Caption-style text data:
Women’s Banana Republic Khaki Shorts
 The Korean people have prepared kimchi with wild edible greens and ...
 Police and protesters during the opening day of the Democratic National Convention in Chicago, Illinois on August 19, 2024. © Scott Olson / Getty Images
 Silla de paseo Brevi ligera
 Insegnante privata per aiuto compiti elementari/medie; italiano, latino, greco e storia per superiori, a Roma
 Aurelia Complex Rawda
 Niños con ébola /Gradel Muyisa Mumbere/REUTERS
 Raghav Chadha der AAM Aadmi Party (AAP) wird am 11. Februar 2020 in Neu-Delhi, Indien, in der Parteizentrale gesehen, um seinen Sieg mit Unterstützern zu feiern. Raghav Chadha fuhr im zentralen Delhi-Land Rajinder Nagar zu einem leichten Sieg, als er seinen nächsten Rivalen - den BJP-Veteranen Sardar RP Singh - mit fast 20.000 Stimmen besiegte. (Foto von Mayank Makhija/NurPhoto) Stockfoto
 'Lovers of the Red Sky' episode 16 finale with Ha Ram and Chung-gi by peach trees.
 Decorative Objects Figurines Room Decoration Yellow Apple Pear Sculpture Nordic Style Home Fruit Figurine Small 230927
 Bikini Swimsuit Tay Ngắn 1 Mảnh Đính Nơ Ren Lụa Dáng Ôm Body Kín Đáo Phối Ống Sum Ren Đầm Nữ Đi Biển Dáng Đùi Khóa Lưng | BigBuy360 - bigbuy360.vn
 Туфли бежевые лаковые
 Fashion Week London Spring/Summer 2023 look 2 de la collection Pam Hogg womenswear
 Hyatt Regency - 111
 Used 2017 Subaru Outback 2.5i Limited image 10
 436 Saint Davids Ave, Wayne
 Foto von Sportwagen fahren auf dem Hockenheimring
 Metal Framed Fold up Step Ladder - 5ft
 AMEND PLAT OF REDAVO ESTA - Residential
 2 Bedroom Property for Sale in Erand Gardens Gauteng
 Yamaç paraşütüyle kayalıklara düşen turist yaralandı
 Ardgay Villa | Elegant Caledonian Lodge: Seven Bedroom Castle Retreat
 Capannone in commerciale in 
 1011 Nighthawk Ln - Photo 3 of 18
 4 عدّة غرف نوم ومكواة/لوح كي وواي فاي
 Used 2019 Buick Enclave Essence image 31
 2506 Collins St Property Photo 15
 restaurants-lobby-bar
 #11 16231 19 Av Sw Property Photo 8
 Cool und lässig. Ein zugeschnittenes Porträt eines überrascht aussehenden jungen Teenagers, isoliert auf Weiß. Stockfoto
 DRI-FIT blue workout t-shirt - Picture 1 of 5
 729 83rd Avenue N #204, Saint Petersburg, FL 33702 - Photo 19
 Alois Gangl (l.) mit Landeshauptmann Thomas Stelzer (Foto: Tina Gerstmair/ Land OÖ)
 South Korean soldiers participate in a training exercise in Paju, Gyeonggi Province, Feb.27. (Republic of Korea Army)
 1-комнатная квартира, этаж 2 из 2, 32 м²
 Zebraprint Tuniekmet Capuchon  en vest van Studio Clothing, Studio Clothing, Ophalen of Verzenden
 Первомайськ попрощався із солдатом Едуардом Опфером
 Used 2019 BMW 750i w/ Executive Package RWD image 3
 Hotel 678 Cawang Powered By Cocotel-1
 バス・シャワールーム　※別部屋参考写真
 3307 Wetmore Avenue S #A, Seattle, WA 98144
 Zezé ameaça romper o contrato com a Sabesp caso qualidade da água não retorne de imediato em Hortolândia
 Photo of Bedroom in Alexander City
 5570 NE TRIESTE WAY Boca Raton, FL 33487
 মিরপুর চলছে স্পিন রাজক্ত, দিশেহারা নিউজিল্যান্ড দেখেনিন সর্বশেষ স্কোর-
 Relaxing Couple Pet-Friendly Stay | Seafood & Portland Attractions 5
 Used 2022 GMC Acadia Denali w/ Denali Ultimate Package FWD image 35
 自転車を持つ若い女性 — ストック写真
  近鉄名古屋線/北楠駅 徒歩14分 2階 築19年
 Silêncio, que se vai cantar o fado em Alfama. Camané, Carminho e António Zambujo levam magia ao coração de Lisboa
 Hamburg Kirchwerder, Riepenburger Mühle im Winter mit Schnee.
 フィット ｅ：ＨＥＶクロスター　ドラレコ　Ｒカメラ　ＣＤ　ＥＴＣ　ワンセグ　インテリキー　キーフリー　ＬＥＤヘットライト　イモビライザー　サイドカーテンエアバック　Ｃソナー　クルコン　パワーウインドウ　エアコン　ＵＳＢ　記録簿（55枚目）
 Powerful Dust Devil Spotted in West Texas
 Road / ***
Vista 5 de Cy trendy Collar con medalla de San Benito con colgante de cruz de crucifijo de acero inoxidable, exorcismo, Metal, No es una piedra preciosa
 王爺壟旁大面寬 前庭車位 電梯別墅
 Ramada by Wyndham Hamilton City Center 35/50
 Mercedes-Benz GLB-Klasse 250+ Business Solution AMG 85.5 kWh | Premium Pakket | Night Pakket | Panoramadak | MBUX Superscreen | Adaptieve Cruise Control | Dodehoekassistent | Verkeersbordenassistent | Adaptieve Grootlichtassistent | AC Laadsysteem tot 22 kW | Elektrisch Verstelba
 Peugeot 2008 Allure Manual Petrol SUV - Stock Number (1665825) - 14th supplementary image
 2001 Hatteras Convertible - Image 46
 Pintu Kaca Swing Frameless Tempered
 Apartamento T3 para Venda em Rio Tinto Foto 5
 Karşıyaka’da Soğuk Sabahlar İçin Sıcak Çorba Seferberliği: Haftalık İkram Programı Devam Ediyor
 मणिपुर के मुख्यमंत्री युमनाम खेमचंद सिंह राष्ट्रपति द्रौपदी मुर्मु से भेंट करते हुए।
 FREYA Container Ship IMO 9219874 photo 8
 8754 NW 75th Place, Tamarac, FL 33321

EXERCISE DESCRIPTION:
Which lines of the data contain the string "Used"? Copy each one.

EXERCISE OUTPUT:
 Used 2017 Subaru Outback 2.5i Limited image 10
 Used 2019 Buick Enclave Essence image 31
 Used 2019 BMW 750i w/ Executive Package RWD image 3
 Used 2022 GMC Acadia Denali w/ Denali Ultimate Package FWD image 35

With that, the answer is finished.